THE HONOURABLE MR JUSTICE UNDERHILL (PRESIDENT)
1. The Appellant in the four appeals before us is a man in his middle fifties. He has brought (at least) four sets of proceedings in the Employment Tribunal complaining about job advertisements which used terminology suggesting that they were targeted at younger people, for example by referring to “school leavers” or “recent graduates.” It is his case that the advertisements in question were unlawfully discriminatory under the provisions of the Employment Equality (Age) Regulations 2006. The Respondents are primarily the recruitment agencies which published the advertisements, but in at least two cases the potential employers themselves are Respondents.
2. In the first, in point of time, of the appeals before us, Berry v Recruitment Revolution and Power Placements, the Appellant’s claim came before Employment Judge Etherington sitting at London (Central) on a pre-hearing review on 8 October 2009. He struck the case out as having no reasonable prospect of success. His Reasons were sent to the parties on 10 December 2009. A subsequent application for a review was dismissed by a decision with Reasons promulgated on 26 January 2010.
3. The next claim, Berry v Wells Tobias Recruitment, came before a Tribunal at London (Central), chaired by Employment Judge Clark, on 20 May 2010 and was dismissed. An application for a reference to the European Court of Justice was also dismissed.
4. The very next day, another of the Appellant’s claims, Berry v Ruston Hemmings and Carson Kay Recruitment, came before a different Tribunal at London (Central), again chaired by Employment Judge Clark, and suffered the same fate.
5. In none of those three cases did the Appellant attend the hearing; and in relation to the later two he made no request for written Reasons and none were accordingly prepared.
6. Finally, on 24 May 2010 the case of Berry v PTS Consulting UK Limited came before a Tribunal chaired by Employment Judge Etherington at London (Central).
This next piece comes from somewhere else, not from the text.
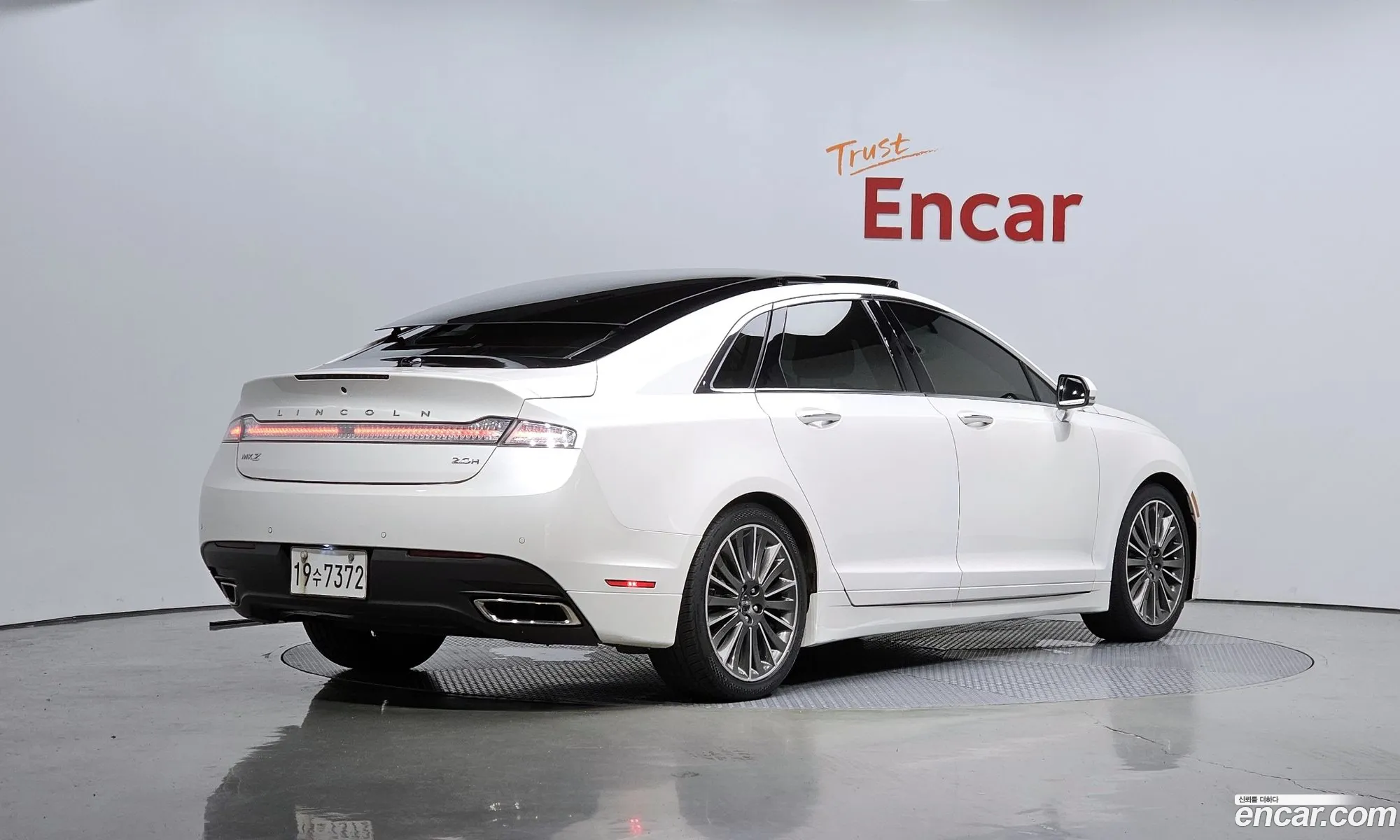 Lincoln Mkz Ii Hybrid 2016 - фотография 3499435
Again, the Appellant did not attend. The judgment of the Tribunal reads as follows:
“The unanimous judgment of the Tribunal is that the claims for age discrimination are dismissed on withdrawal by the Claimant. They would have failed substantively in any event. Further, his application for the Tribunal to refer this case to the European Court of Justice is refused.”
The Appellant applied for a review of that decision, which was rejected. Reasons for that rejection were sent to the parties on 27 July 2010. It appears from the Reasons that the Appellant’s withdrawal had not in fact been unequivocal. The position appears to be as follows. The Tribunal had made various orders at a previous case management discussion with which the Appellant had not complied. The Respondent accordingly applied to strike out his claim on that basis. On 5 May the Appellant wrote to the Tribunal, in effect indicating that he was withdrawing his substantive claim, that is the claims of discrimination, but only insofar as it would enable him nonetheless to make an application to the Tribunal to refer the matter to the European Court of Justice. We are not sure whether that ought to be treated as a “withdrawal”, since if the claims were withdrawn there would be nothing that could be referred. However, it is clear from the Judgment as already recited that the Tribunal would have dismissed the claims on the merits in any event. The position adopted by the Appellant appears to reflect an acknowledgement on his part, as recorded at paragraph 4 of the review Reasons, that he had no remedy as a matter of domestic law.
7. The Appellant has appealed against each of those orders. A preliminary hearing has been directed in all four appeals, on the basis that the Respondents need not attend. The Appellant himself has also indicated, though without giving any reason, that he does not intend to attend and that he would rely on his written submissions, which take the form of a skeleton argument. We have accordingly heard no oral argument of any kind.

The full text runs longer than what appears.